In 2012, Interflora acquired Flying Flowers, Flowers Direct and Drake Algar in the U.K.

In July 2019, FTD's North American and Latin America consumer and florist businesses were purchased by Nexus Capital Management and are now known as FTD LLC.

In May 2023, FTD merged with From You Flowers, LLC. Michael Chapin, founder and CEO of From You Flowers, took over as CEO of the combined companies.

==Operations==
Fiscal year 2006 revenues grew 6.2% to $465.1 million, compared with revenues of $437.8 million for fiscal 2005. This revenue growth was driven by an 11.6% increase in revenue in the Consumer Segment.

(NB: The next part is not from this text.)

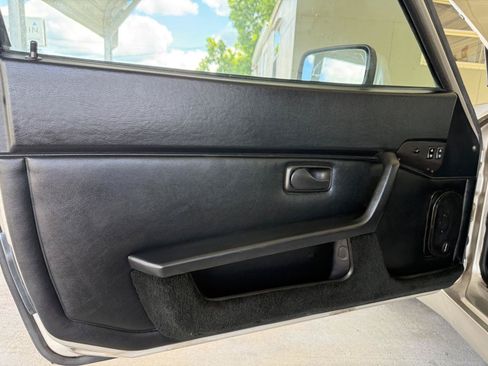 Used 1988 Porsche 944 Coupe RWD image 70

The Mercury Network, the electronic network used by FTD, processes about fifteen million orders annually, through about 50,000 FTD affiliates in 154 countries, of which about 20,000 are in the United States and Canada.

On July 19, 2018, it was announced that CEO John Walden would be stepping down as the company began restructuring. Scott Levin took over as president and CEO.

In June 2019 FTD filed for Chapter 11 bankruptcy protection while it restructures; all customer deliveries will continue in the meantime. The company said it has a tentative deal to sell its flower delivery business in North and South America to Nexus Capital. It has also received offers to buy two subsidiaries: Personal Creations and the candy delivery business Shari's Berries. Shari's Berries was acquired in 2019 by 1-800-Flowers.com.

In July 2019, the foregoing transactions were consummated for FTD's floral consumer businesses and FTD Companies became FTD LLC. with the purchase of FTD and ProFlowers by Nexus Capital Management.

In March 2020, Charlie Cole was named CEO.

==Lawsuits==
FTD had obtained a near-monopoly position in its market. It has been sued several times by the United States Department of Justice to ensure it does not engage in non-competitive behavior, namely prohibiting members from affiliating with competing flowers-by-wire services. FTD entered into consent decrees with the Department of Justice after 1956, 1969, and 1990 suits.
Florists' Transworld Delivery (FTD), sued its competitor ProFlowers for false advertising in August 2005. The suit focused on ProFlowers' claim to ship "direct from the fields" with "no middlemen". Stating that the lawsuit was "without merit", ProFlowers brought counterclaims against FTD. The lawsuit was settled a year later out of court.